Schass et la Histadrout sioniste
Politique Kountrass News nº 124 - Adar 5770 / Février 2010

Schass et la Histadrout sioniste

Le parti Schass a fait un pas assez surprenant récemment, décidant de s'inscrire dans la Histadrouth sioniste mondiale, ce qui a provoqué plusieurs interrogations chez les autres groupes politiques orthodoxes. En effet, cette ancienne institution, fondée en son temps par Théodore Herzl, a pris au cours de l'histoire contemporaine un rôle important dans la direction des affaires juives de l'ensemble de la communauté, en particulier en ce qui concerne la vie juive en Terre sainte, et a souvent emprunté une voie allant à l'encontre de la position du judaïsme orthodoxe.

Ce fut le cas en particulier à l'époque de la Déclaration Balfour, quand un accord tacite entre les dirigeants de la communauté orthodoxe d'Erets Israël et la direction de la Histadrout voulait que l'éducation juive reste entre les mains de la communauté orthodoxe. Cette entente n'a pas été respectée par la suite, et l'éducation juive en Terre sainte a été coupée de ses sources religieuses.

De nos jours, les groupes réformistes et libéraux américains font partie de cet organisme, et l'esprit qui y règne est très éloigné de celui du judaïsme orthodoxe.

Il est vrai d'un côté que la présence de Schass permettrait une ouverture à l'avenir, en particulier par l'introduction de responsables orthodoxes dans le cadre du travail de la Sokhnout, ce qui n'est pas du tout le cas de nos jours.
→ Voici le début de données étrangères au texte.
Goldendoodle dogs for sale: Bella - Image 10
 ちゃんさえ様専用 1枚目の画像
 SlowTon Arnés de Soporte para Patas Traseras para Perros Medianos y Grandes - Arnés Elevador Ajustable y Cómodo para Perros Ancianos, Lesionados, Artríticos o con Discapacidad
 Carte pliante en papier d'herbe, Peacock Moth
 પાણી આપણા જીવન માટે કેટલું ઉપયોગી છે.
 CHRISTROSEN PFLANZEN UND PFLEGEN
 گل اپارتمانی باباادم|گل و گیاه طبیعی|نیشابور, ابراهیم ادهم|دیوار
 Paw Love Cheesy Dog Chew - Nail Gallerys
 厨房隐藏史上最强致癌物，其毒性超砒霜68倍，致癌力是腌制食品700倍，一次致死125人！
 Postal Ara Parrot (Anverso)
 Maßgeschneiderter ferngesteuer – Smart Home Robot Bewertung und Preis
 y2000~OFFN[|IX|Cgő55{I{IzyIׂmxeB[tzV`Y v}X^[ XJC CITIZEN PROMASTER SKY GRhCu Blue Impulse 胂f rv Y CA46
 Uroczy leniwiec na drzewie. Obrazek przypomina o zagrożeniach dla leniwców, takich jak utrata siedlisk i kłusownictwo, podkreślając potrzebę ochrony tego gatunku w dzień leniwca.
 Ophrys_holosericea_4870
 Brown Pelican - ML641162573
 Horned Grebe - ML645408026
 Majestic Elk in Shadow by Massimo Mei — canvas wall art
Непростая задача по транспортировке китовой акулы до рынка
D'un autre côté, les dirigeants de la communauté orthodoxe pensent qu'il n'est pas acceptable qu'un groupe politique orthodoxe siège avec des représentants de ces groupes américains, opposés à la Tora et cherchant à en détruire le sens.

De ce fait, une grande pression est actuellement exercée sur les dirigeants de Schass, tant dans les journaux orthodoxes qu'à la Knesseth, avec une intervention très virulente du rav Moché Gafni, afin d'influencer Schass à repenser sa décision et à abandonner cette voie.